The inflammation usually goes away on its own after one to three weeks. A visit to the doctor is then not necessary. However, you can still fight the unpleasant pain with various means and also accelerate the healing process:

  • Painkillers : In the pharmacy there are various ointments, gels and rinses that contain numbing local anesthetics, for example with the active ingredient lidocaine. These have a purely pain-relieving effect and do not counteract the causes of the aphthous ulcers.
  • Herbal remedies : Healing can be accelerated with anti-inflammatory herbal remedies. You can make yourself a chamomile or sage tea and rinse your mouth with it after it has cooled down or rub the affected areas with tea tree oil or lemon balm extract. In the pharmacy there are also healing tinctures, for example with myrrh or rhubarb root. The caustic effect of the substances accelerates the healing process by repelling dead tissue.
  • Hydrogen peroxide : A solution containing hydrogen peroxide has an antibacterial effect, which means it kills germs in the mouth and disinfects the oral cavity. However, it is best to discuss this measure with your doctor, because hydrogen peroxide can also irritate the oral mucosa. In addition, there are other disinfecting mouthwashes in the pharmacy.

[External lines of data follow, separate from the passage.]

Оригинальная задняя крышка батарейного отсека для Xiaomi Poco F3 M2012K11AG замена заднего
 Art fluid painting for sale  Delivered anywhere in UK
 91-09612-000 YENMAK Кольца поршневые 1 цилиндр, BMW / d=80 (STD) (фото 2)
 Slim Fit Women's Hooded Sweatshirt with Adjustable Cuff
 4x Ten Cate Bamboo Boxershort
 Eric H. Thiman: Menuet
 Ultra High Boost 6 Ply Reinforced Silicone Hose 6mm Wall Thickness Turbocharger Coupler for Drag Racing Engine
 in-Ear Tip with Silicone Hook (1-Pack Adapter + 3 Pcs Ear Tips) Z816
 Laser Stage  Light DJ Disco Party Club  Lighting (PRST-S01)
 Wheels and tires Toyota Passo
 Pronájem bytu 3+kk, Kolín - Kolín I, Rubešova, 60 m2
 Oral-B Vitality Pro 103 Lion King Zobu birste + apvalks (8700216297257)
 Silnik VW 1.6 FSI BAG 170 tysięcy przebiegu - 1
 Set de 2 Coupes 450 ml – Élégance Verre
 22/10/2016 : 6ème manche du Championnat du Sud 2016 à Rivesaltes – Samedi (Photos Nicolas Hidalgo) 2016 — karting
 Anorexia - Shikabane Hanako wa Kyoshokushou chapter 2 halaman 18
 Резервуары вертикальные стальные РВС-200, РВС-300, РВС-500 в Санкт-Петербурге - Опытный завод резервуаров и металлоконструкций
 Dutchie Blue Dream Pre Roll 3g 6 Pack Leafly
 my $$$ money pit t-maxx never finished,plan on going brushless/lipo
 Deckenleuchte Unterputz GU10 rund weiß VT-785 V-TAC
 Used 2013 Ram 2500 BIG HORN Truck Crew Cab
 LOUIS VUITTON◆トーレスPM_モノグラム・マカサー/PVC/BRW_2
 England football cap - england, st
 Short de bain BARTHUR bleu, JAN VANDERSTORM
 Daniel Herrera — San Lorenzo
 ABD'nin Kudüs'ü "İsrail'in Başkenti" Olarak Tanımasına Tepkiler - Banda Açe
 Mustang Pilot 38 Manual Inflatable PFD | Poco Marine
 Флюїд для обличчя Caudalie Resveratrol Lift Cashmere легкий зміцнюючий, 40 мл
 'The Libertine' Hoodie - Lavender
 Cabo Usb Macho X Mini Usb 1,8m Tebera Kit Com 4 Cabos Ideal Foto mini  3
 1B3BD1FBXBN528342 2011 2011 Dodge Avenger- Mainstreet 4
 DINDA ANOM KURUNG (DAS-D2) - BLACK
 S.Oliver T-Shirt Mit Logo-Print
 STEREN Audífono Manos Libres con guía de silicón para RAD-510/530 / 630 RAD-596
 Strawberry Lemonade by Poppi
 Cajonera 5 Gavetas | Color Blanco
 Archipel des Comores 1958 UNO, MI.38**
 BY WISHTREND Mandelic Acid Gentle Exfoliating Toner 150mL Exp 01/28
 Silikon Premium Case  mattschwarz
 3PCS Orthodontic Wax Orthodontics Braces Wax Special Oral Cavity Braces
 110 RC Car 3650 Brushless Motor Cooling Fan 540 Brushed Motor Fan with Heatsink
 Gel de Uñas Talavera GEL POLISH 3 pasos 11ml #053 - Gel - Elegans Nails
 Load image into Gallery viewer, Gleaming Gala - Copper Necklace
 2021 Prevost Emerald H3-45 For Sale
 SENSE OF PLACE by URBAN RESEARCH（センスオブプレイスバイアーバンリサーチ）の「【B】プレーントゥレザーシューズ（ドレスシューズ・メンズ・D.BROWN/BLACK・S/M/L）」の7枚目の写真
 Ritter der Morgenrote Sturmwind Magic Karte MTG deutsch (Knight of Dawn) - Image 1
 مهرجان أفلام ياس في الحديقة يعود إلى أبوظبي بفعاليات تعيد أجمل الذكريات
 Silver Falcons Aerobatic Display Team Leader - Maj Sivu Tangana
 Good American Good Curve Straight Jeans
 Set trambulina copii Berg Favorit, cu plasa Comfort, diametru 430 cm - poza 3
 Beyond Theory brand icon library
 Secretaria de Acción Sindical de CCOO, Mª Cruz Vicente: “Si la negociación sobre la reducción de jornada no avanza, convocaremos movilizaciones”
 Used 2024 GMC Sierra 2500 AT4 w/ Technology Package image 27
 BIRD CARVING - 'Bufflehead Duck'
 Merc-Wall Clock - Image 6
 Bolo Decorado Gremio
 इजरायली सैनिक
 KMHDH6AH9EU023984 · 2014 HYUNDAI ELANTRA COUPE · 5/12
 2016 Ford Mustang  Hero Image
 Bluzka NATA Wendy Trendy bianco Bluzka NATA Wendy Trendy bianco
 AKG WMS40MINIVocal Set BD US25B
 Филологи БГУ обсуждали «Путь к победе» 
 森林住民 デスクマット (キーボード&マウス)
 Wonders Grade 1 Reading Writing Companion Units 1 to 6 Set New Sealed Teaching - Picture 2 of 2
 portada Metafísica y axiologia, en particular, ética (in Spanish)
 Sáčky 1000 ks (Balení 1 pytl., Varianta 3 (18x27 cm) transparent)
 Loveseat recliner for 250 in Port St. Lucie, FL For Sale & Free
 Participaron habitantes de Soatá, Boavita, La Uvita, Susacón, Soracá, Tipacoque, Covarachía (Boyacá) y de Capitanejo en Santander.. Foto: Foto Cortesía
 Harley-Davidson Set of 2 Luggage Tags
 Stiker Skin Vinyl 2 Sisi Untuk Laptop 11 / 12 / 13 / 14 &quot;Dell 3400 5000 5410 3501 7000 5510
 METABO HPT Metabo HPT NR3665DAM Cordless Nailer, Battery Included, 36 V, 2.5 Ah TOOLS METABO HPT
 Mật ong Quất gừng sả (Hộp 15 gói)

  • Diet : Avoid foods that increase pain, such as citrus fruits or hot spices. Alcohol may also have a similar effect.
  • Oral hygiene : To prevent bacteria from spreading in the irritated mouth, you should pay attention to particularly thorough oral hygiene with a germ-killing mouthwash.
  • Prevention : Avoid the substance sodium lauryl sulfate used in toothpastes. Studies have shown that you can significantly reduce your risk of aphthae in this way.